In the Source Assistant or Destination Assistant (the Source Assistant is shown in below diagram), only the data providers that you have installed are actually shown. Once you select how you want to connect, you’ll see a list of Connection Managers on the right that you can use to connect to your selected source. You can also create a new Connection Manager from the same area on the right. If you uncheck the “Show only installed source types” option, you’ll see other providers like DB2 or Oracle for which you may not have the right software installed.
OLE DB Source
The OLE DB Source is the most common type of source, and it can point to any OLE DB–compliant Data Source such as SQL Server, Oracle, or DB2. To configure the OLE DB Source, double-click the source once you have added it to the design pane in the Data Flow tab. In the Connection Manager page of the OLE DB Source Editor (see below diagram), select the Connection Manager of your OLE DB Source from the OLE DB Connection Manager dropdown box. You can also add a new Connection Manager in the editor by clicking the New button.
The “Data access mode” option specifies how you wish to retrieve the data. Your options here are Table/View or SQL Command, or you can pull either from a package variable.

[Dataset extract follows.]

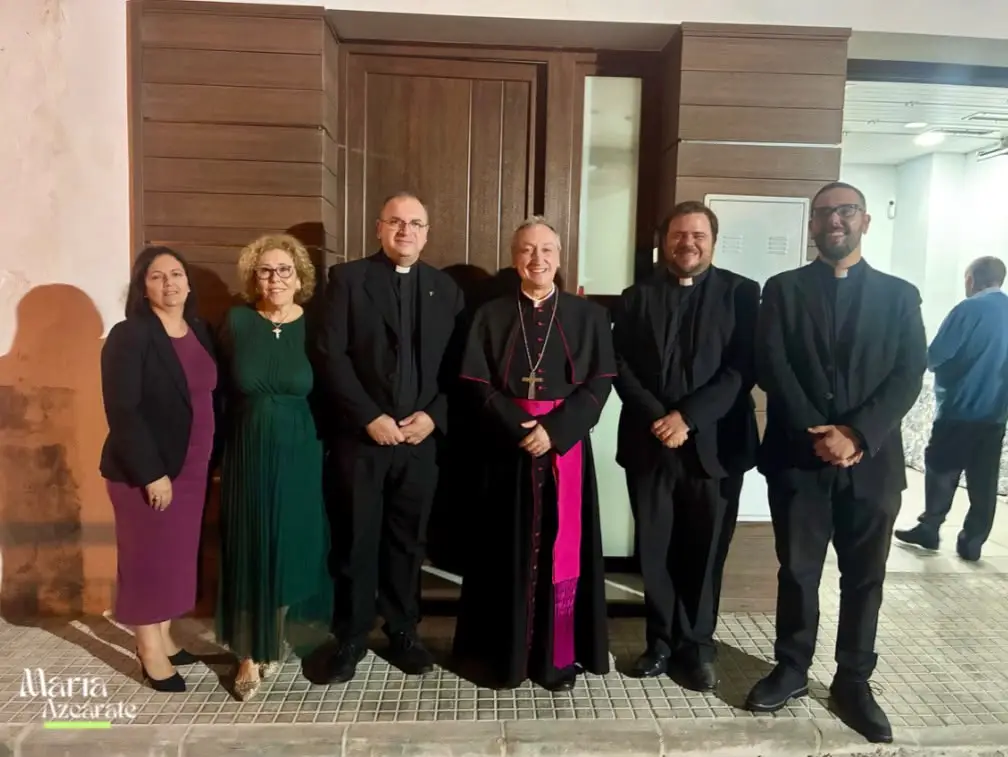 La Sociedad de San Vicente de Paúl, Virgen de las Montañas, inaugura su nueva sede en Villamartín tras la bendición del Obispo de Asidonia-Jerez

Once you select the data access mode, you need the table or view, or you can type a query. For multiple reasons that will be explained momentarily, it is a best practice to retrieve the data from a query. This query can also be a stored procedure. Additionally, you can pass parameters into the query by substituting a question mark (?) for where the parameter should be and then clicking the Parameters button. You’ll learn more about parameterization of your queries in Chapter 5.
As with most sources, you can go to the Columns page to set columns that you wish to output to the Data Flow, as shown in below diagram. Simply check the columns you wish to output, and you can then assign the name you want to send down the Data Flow in the Output column. Select only the columns that you want to use, because the smaller the data set, the better the performance you will get.
From a performance perspective, this is a case where it’s better to have typed the query in the Connection Manager page rather than to have selected a table. Selecting a table to pull data from essentially selects all columns and all rows from the target table, transporting all that data across the network. Then, going to the Columns page and unchecking the unnecessary columns applies a client-side filter on the data, which is not nearly as efficient as selecting only the necessary columns in the SQL query. This is also gentler on the amount of buffers you fill as well.
Optionally, you can go to the Error Output page (shown in below diagram) and specify how you wish to handle rows that have errors. For example, you may wish to output any rows that have a data type conversion issue to a different path in the Data Flow. On each column, you can specify that if an error occurs, you wish the row to be ignored, be redirected, or fail. If you choose to ignore failures, the column for that row will be set to NULL. If you redirect the row, the row will be sent down the red path in the Data Flow coming out of the OLE DB Source.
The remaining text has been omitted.